No, he still hasn’t won a major.

What sets Donald apart from Lee Westwood and Martin Kaymer most recently, from Tiger Woods for an entire decade, and from Vijay Singh and David Duval during their brief stay at the top, is the way he hits the ball.

In an era of extra large off the tee, Donald still wears a medium.

He is No. 147 in driving distance, and while Donald isn’t exactly a peashooter, no one will ever talk about how he can overpower any golf course except for the Par 3 Course at Augusta National.

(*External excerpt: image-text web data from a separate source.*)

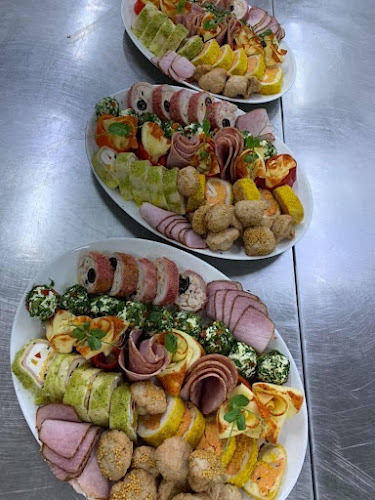 Strada Aleea Vămii 7, Șcheia 727525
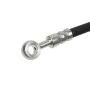 SUNSONG 2206372 Brake Hydraulic Hose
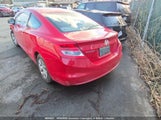 Honda Civic 2HGFG3B43CH005329 fotografie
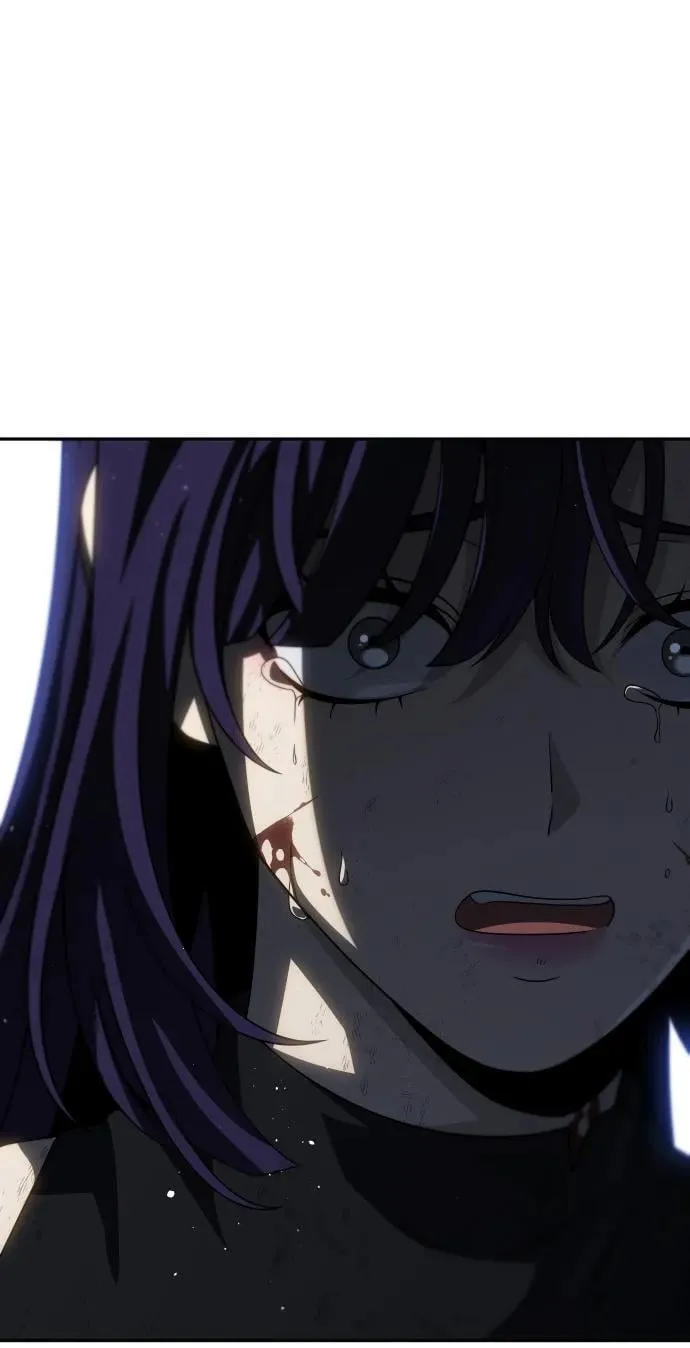 [第99话] 里魄（9） 第67页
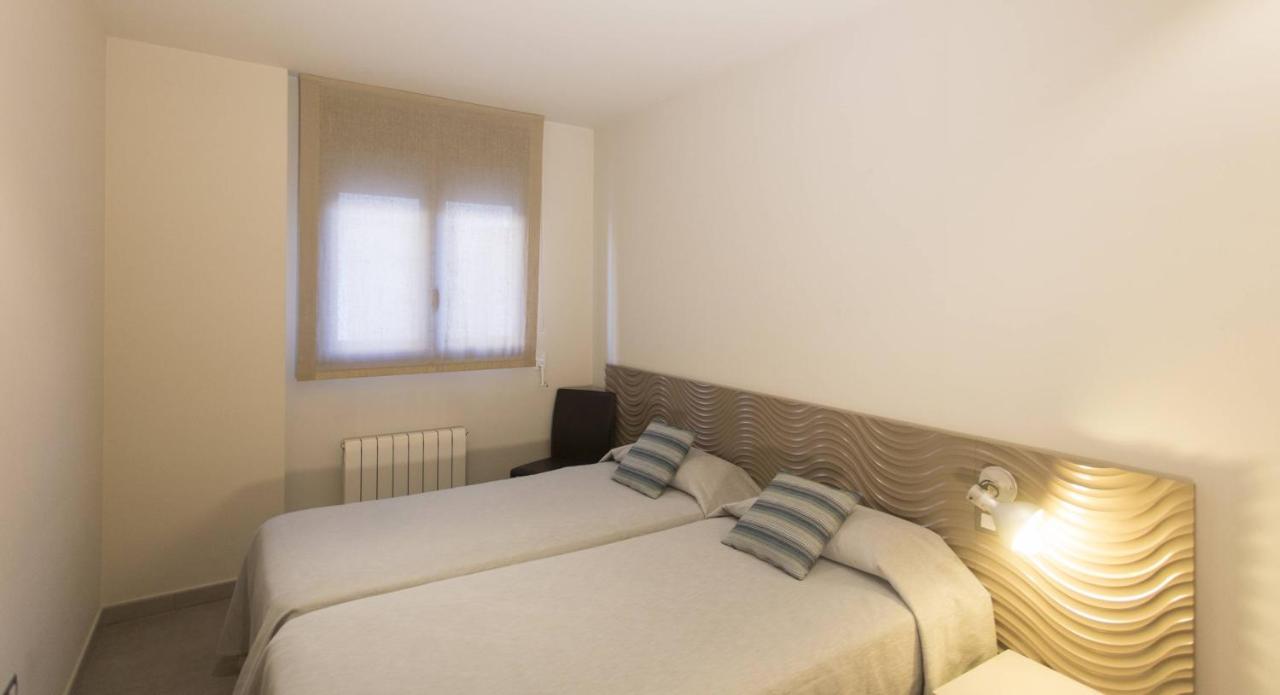 Apartaments Terraza Figueres, Figueres – Bijgewerkte prijzen 2022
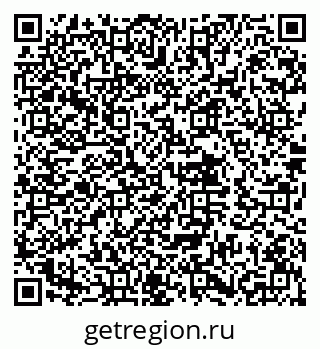 79632010697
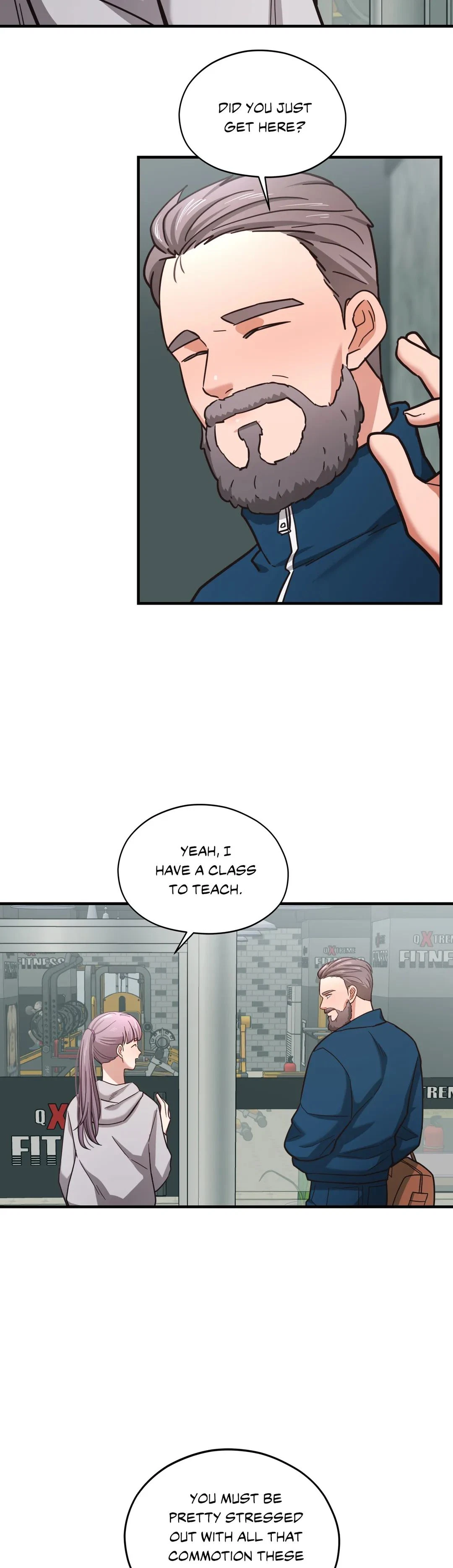Chapter 38, page 36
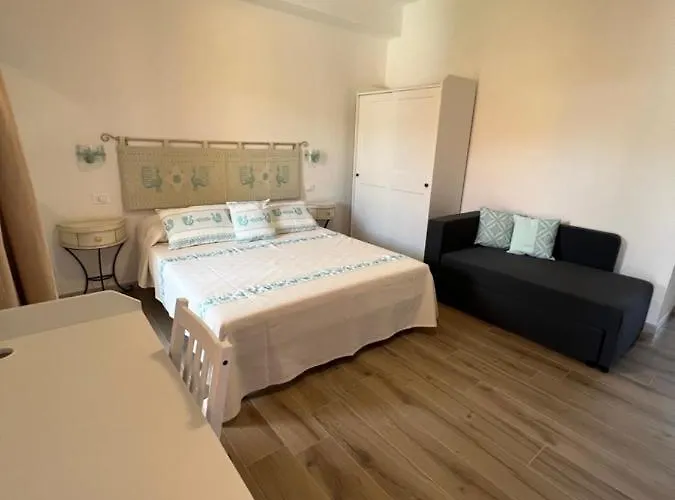 Casa Fanni- Vendégház 3*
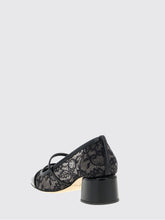 JIMMY CHOO 36 woman&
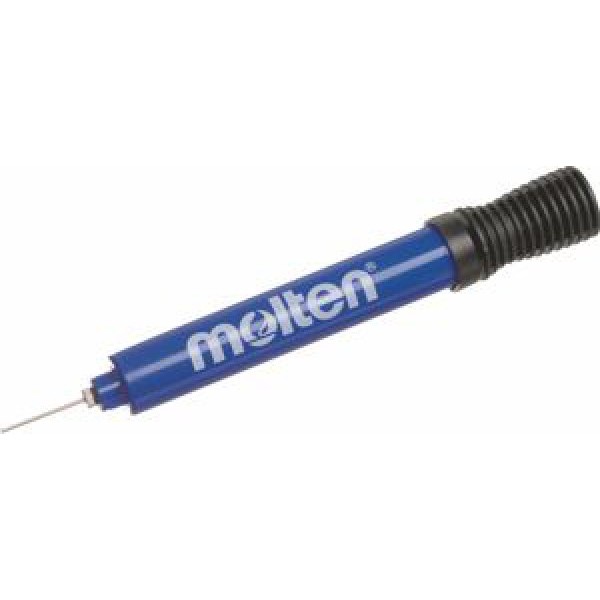Molten double Action Pumpička Velikost doplňků: uni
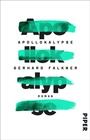 Cover: Apollokalypse - Piper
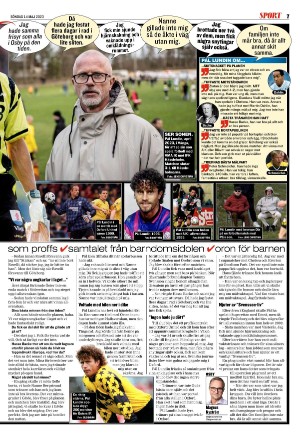 kvallsposten_sport-20230514_000_00_00_007.pdf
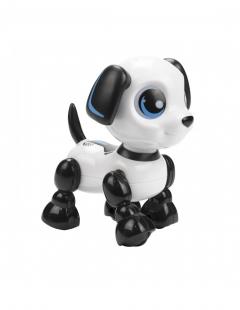 Robot electronic - Robo Heads Up - 2 modele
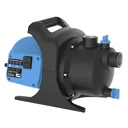 Garden pump "JG 3100"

The only numbers that matter, however, is that he has been No. 1 in the world longer than anyone else this year. He is No. 1 in Vardon Trophy for the lowest adjusted scoring average. He is No. 1 on the European Tour money list and No. 2 on the PGA Tour money list, with a chance to become the first player to win money titles on both sides of the Atlantic.

And along with three wins this year, he has finished out of the top 10 in only five of the 20 tournaments he has played this year.

In some respects, he has become an inspiration to those who don’t fall out of bed and crack 300-yard drives.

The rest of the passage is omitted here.